Anonymous wrote:The code isn't private school but money. It just appears and is reinforced more often at private schools for obvious reasons. But the same code is found at fancy suburban high schools in places like Greenwich and Bronxville while plenty of private school grads languish in obscurity and mediocrity.
People overthink this and social engineering too much. Going to public school doesn't make you nicer. Going to a more diverse school doesn't make you more tolerant. The vast majority of people will grow into an innately comfortable network of likeminded peers based on personalities and interests and expectations so they will end up in homogenous environments one way or another.
Anonymous wrote:Anonymous wrote:I am a private school lifer: the only reason these private school kids have so much confidence and poise is because they have more money.
If you have more money and your kids have more activities and the ability to be involved, they will be fine.
Yeah that’s what I can’t separate. Will our kid have that air of self possession because we have a beach house and insist on manners and French lessons? Or bc he was in school somewhere? I’m genuinely wondering.
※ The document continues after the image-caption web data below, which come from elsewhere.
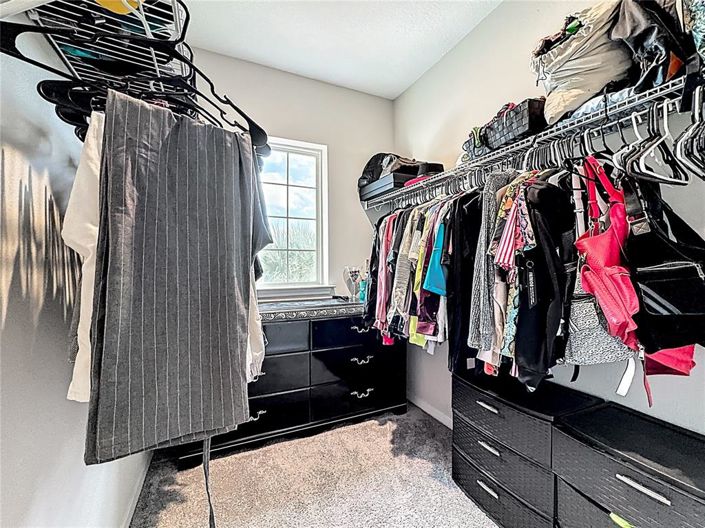 Image No.41-Propriété de 5 chambres à vendre à Kissimmee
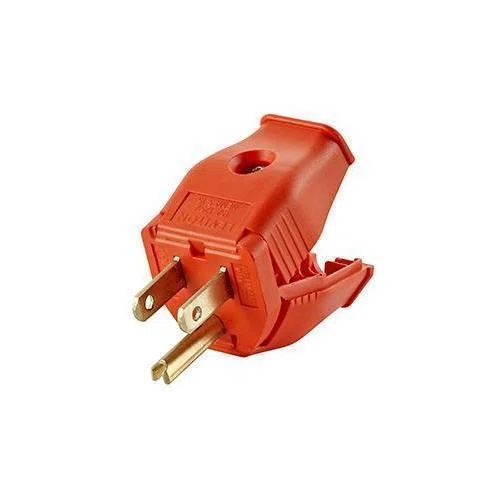 Leviton_3W101-OR.jpg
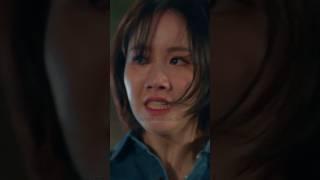 She is going insane #shorts #kdrama #perfectmarriagerevenge #jinjihee #jungyoomin #sunghoon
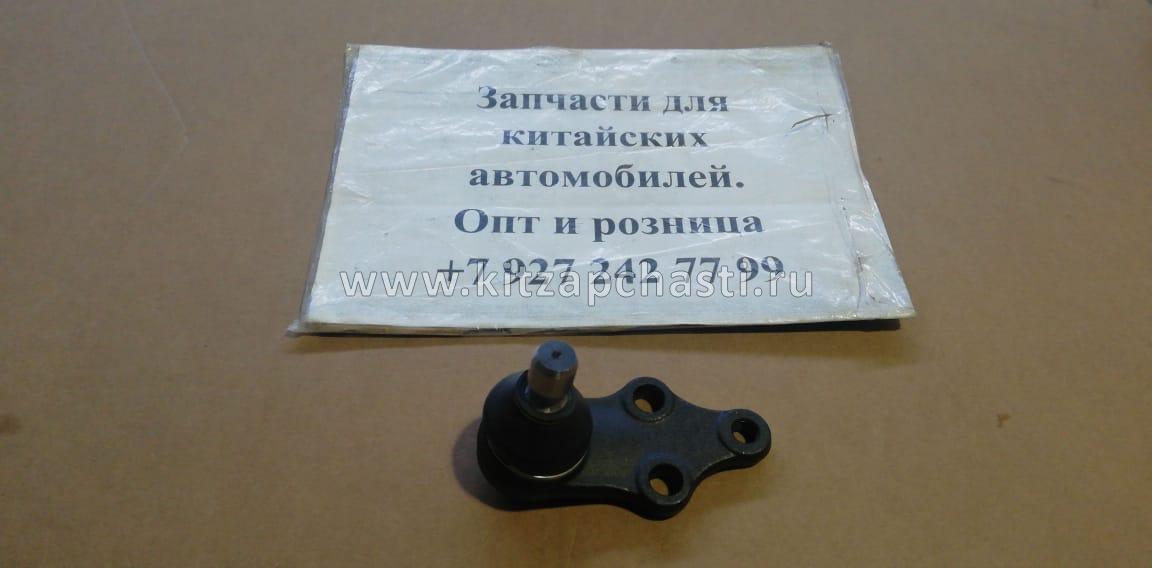 Шаровая опора JAC S5 2904340U1510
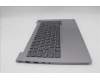 Lenovo 5CB1P00873 Tastatur inkl. Topcase ASM_ARA W21MR AG BL U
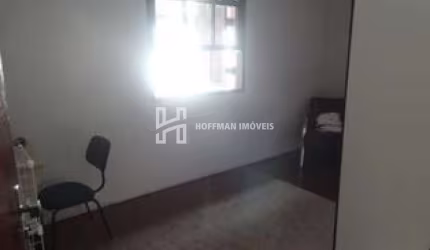 Casa com 2 quartos à venda na Rua Clóvis Bevilácqua, --, Cerâmica, São Caetano do Sul, 200 m2 por R$ 690.000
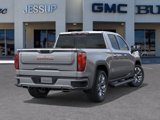 New 2026 GMC Sierra 1500 Denali w/ Denali Reserve Package image 4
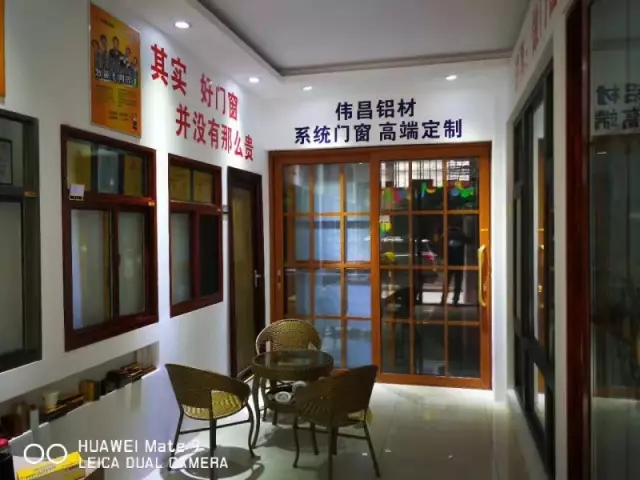 67381����-��Ϸ�ٷ���վ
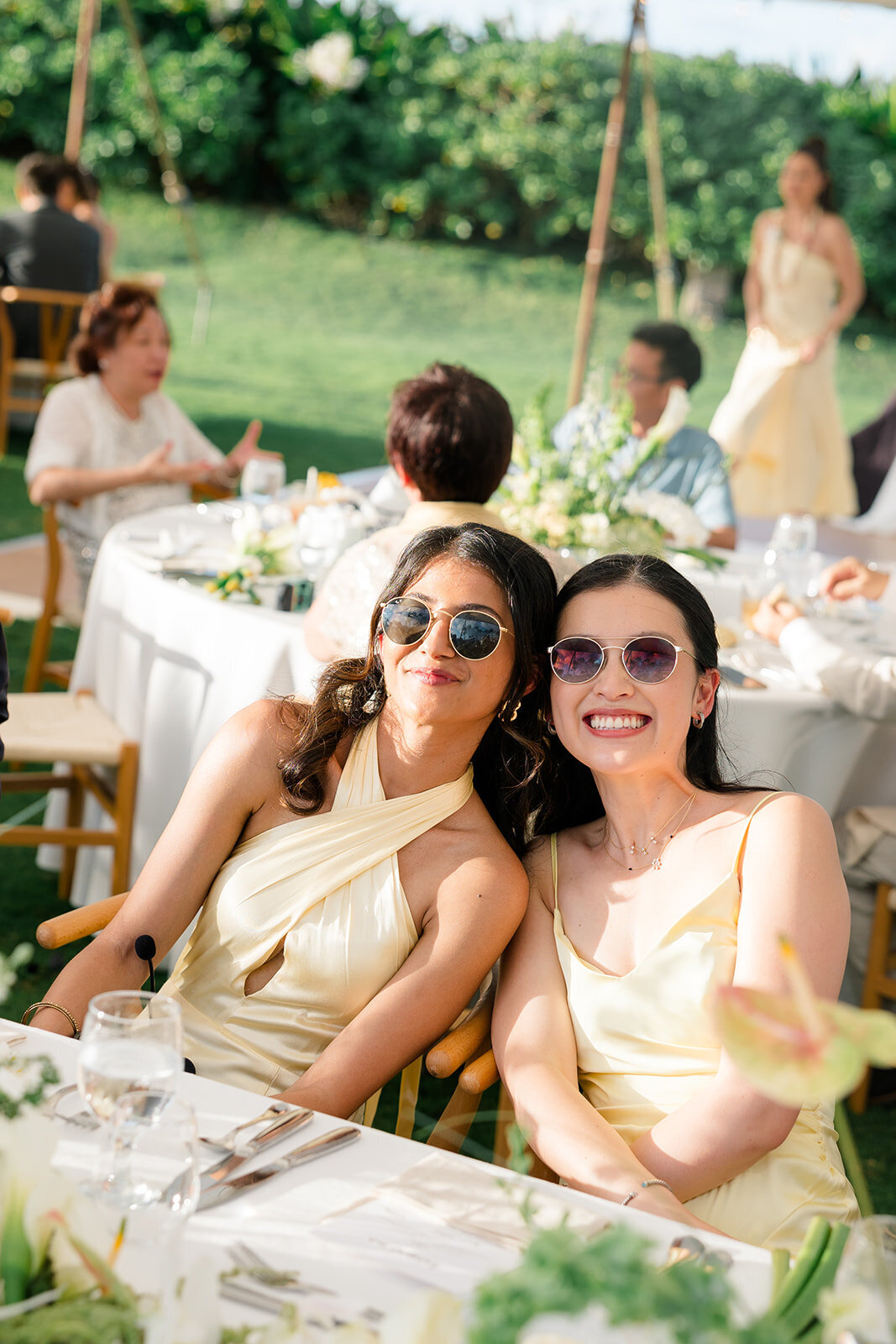 tiff.chris.emily-choy-photography-1131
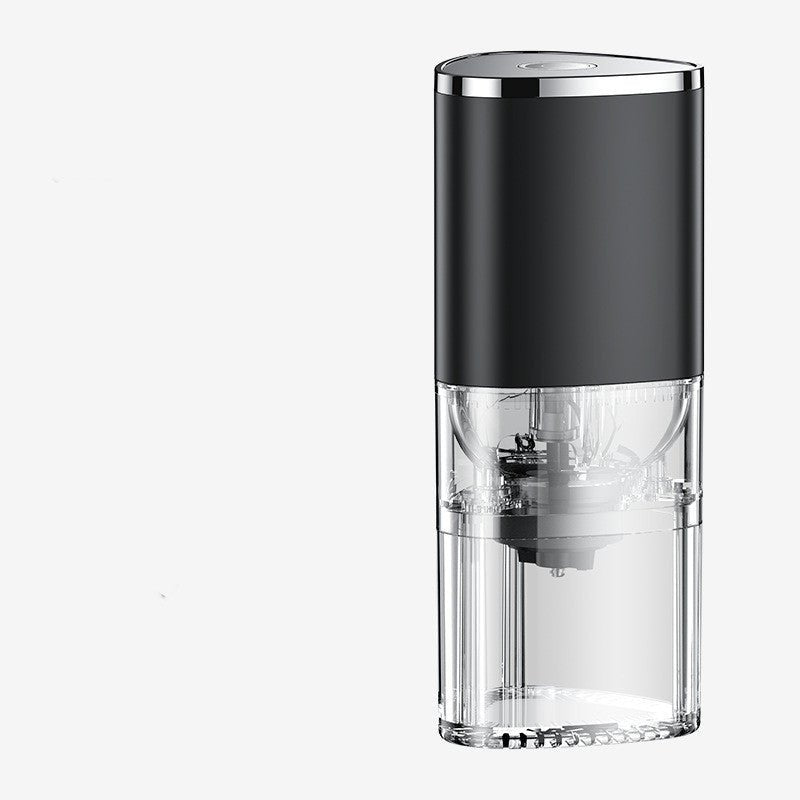 Electric Coffee Grinder Coffee Bean Grinder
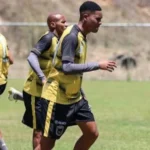 Volta Redonda inicia reformulação após queda para a Série C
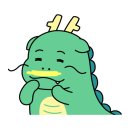유워시 이미지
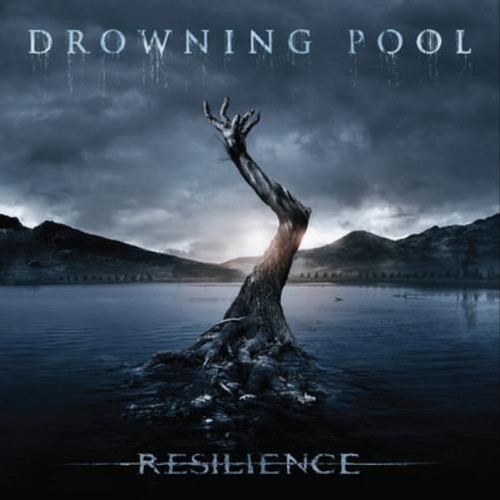 Drowning pool resilience - drowning,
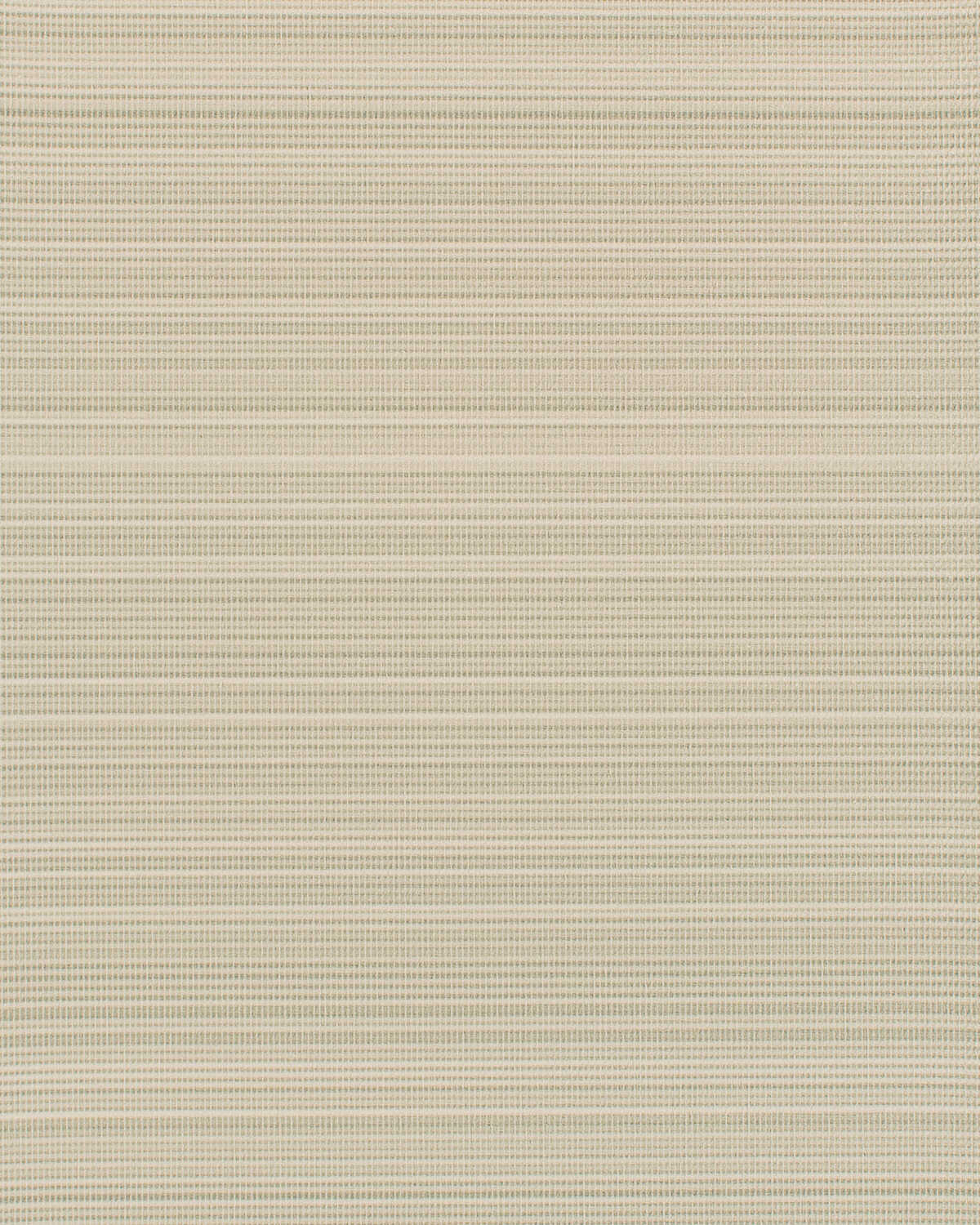 Stinson - Dove - WINFIELD THYBONY Wallpaper
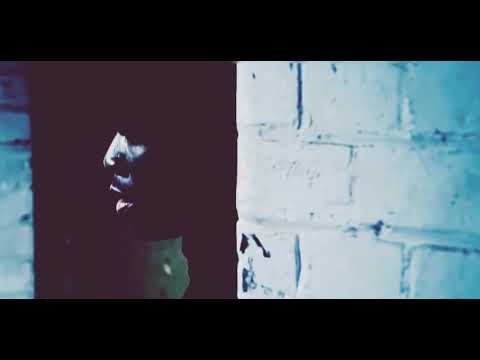 50 CENT x NINES X SKRAPZ - HIP HOP TYPE | (PROD.R.M 94 BEATZ)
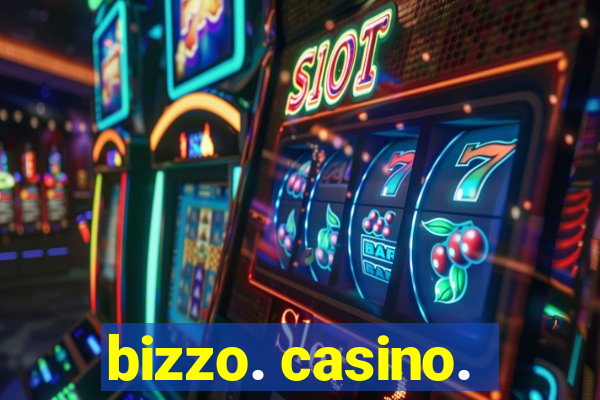 bizzo. casino.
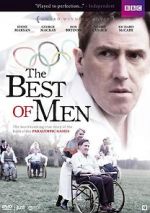 Watch The Best of Men Zoechip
Anonymous wrote:Anonymous wrote:My DC is about to hit a grade where if we go private, now is the time to think about making some moves.
My DH and I went to private our whole lives. My DH is super against sending our child to private. DH went to a big deal private here and disliked it. He is not convinced the education is worth the price, thinks our child has a better shot at college and life skills in a AP track public, and doesn’t want our child to think the world works the way DH believes private school kids around here do.
I can only admit this anonymously, I’m so embarrassed, but this the truth. I am afraid if my child doesn’t go to private school he’ll never be able to move in upper class circles with total ease. He won’t understand those sort of dog whistle references or get exposed to some things that are good to know when you’re an adult. There is a “code”. There just is. And upon reflection I can’t figure out if I learned that code, which I need him to know, from my parents or from private school. Will he miss out on that culture piece of things if we keep him in public?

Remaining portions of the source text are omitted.